[[ Given records, beginning ]]

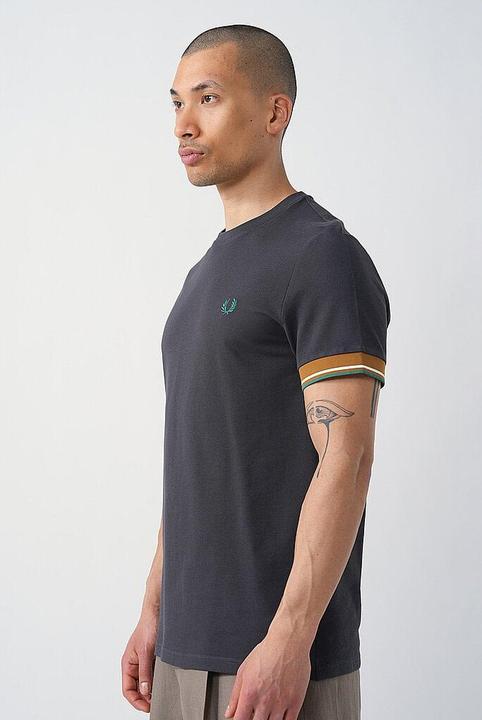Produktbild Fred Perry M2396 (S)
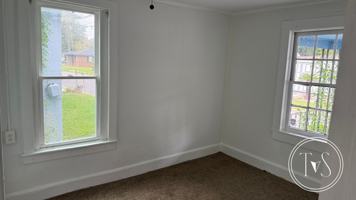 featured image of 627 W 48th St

[[ Given records, end ]]
[[ Given records, beginning ]]

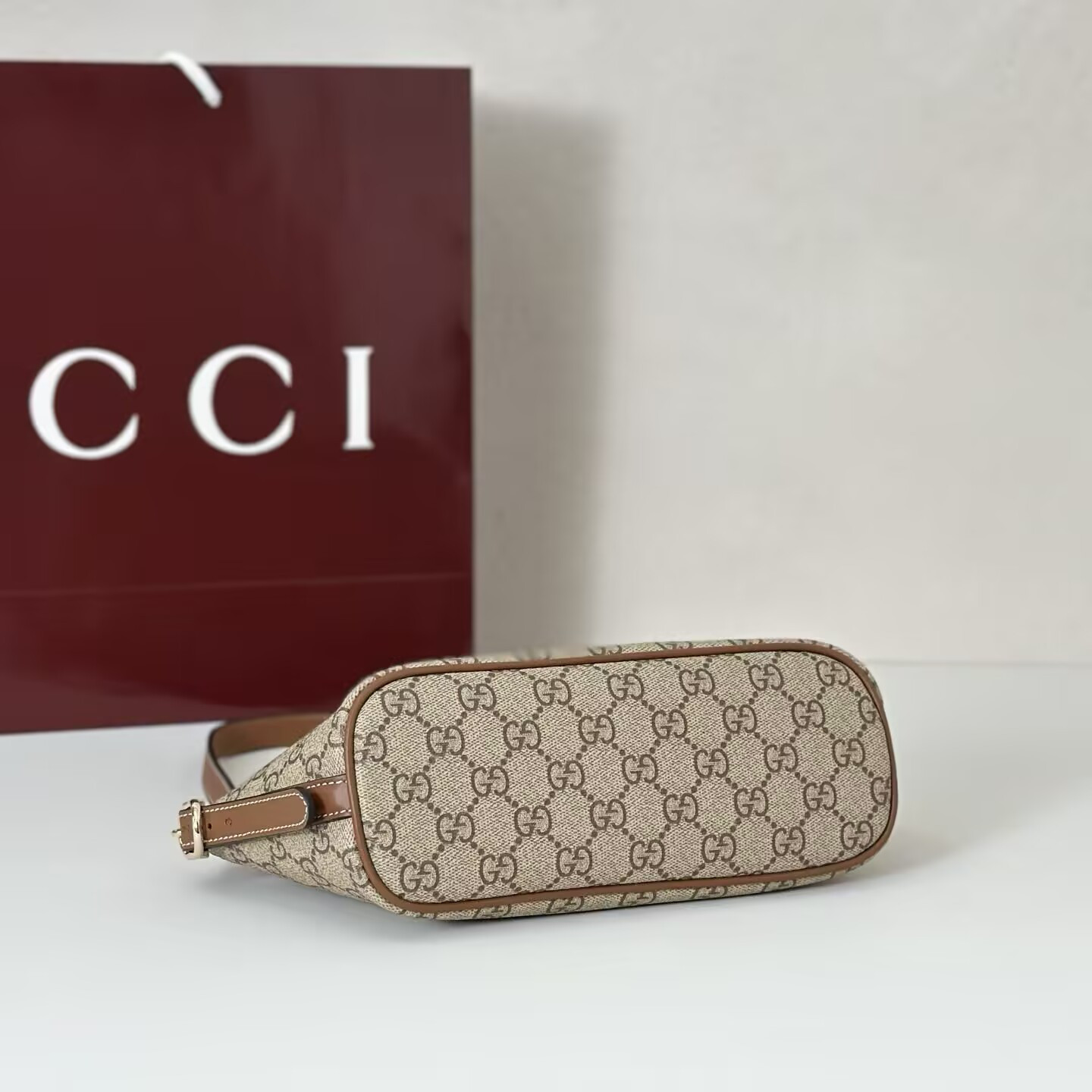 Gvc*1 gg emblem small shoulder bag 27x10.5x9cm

[[ Given records, end ]]
[[ Given records, beginning ]]

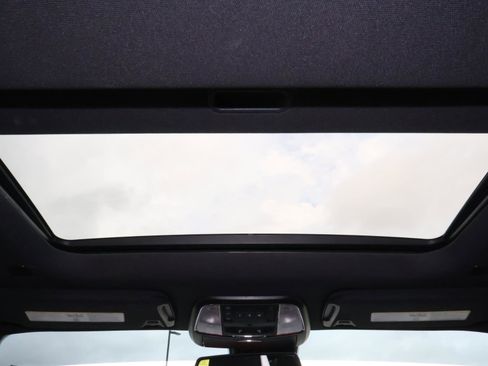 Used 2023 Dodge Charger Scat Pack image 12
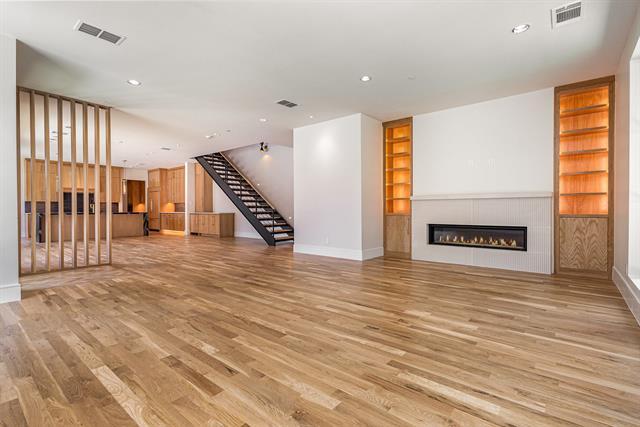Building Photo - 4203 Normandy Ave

[[ Given records, end ]]

__Required work__. Quote word for word only the lines above from the one containing "Produktbild Fred Perry M2396 (S)" through the one containing "featured image of 627 W 48th St". Pictures stay out of your copy.

__Answer box__.
Produktbild Fred Perry M2396 (S)
 featured image of 627 W 48th St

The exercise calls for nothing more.